Almost every day we are informed of job cuts in the oil & gas exploration and production industry. Schlumberger, Halliburton, BP and Apache Corp. are among those to reduce the workforce. Other companies have announced major cuts in capital expenditures, which may involve a workforce reduction. Tumbling crude prices that required budget revisions are the reason behind problems faced by the companies.
Schlumberger announced that 9 000 of its employees (7.5% of the total headcount) are to be dismissed. The layoffs will be in a vast majority of regions where Schlumberger operates. Job cuts started already in 2014 and are to be completed by the first quarter of 2015. According to many analysts, this is not the last employment revision as corporate profits fell by several tens of percentage points in the past year.
Also Halliburton is planning to cut jobs – some 1000 people in Europe, Asia, Africa and Middle East have been dismissed since the beginning of 2015. A limited demand for Halliburton's services and the merger with Baker Huges are the reasons behind workforce reduction. So far, Halliburton employed 80 000 people in 80 countries.

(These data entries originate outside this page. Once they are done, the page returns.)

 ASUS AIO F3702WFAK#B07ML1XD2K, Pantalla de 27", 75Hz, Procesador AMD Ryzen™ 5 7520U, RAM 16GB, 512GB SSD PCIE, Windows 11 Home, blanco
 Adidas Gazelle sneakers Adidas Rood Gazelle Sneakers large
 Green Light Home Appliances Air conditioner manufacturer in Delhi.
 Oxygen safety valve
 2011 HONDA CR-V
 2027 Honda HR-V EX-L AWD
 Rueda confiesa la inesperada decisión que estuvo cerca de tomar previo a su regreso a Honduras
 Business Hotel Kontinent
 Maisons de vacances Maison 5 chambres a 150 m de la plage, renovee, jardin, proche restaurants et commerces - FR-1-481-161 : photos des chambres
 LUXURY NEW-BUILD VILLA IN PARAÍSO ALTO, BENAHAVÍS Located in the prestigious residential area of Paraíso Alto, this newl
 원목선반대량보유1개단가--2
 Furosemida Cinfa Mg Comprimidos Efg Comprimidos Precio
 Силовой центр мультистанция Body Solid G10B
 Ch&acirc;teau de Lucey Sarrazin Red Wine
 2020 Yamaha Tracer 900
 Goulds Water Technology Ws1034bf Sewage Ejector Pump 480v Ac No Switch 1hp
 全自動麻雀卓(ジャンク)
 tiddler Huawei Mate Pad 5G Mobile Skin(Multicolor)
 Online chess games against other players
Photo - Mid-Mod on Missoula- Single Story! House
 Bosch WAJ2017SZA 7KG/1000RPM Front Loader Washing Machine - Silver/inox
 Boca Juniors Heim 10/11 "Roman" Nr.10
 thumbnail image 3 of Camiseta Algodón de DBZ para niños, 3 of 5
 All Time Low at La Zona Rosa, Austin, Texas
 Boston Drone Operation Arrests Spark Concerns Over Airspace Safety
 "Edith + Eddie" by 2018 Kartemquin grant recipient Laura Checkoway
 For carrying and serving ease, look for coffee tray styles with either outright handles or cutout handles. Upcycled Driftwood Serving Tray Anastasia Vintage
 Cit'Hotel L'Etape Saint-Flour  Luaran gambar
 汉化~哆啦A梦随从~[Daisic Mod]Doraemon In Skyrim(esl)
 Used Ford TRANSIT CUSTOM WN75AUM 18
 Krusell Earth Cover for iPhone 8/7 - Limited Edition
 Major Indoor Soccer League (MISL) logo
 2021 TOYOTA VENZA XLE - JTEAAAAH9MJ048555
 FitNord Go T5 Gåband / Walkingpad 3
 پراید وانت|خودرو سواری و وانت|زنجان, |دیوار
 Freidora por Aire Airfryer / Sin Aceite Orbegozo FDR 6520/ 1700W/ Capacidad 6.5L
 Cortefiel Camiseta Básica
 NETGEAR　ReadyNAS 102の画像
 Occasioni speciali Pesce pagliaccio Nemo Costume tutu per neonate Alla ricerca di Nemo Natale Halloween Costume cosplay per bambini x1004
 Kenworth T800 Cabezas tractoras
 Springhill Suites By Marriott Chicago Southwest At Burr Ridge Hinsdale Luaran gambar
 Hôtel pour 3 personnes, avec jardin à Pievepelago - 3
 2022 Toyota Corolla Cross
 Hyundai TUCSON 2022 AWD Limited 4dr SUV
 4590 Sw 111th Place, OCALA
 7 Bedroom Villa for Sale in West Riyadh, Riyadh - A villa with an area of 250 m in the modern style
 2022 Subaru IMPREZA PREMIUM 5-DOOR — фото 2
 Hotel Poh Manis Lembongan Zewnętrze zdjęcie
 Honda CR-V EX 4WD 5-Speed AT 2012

BP announced its plan to dismiss some 300 workers who produce oil in the North Sea. As of 2013, the company employed almost 84 000 people, including about 4 000 in North Sea operations. BP capital expenditures are to be reduced by as much as USD 2 billion.
ConocoPhilips is to dismiss approx. 1300 of its employees (4% of the total headcount) and its capital expenditures are to be reduced by 18%.
Also smaller companies plan to readjust their employment. For example, US-based Apache Corp. announced that its workforce is to be reduced by 5%. As of 2012, the company employed about 5300 people.
Some companies have elected to replace permanent with fixed-time employment contracts and cut employees' salaries and wages.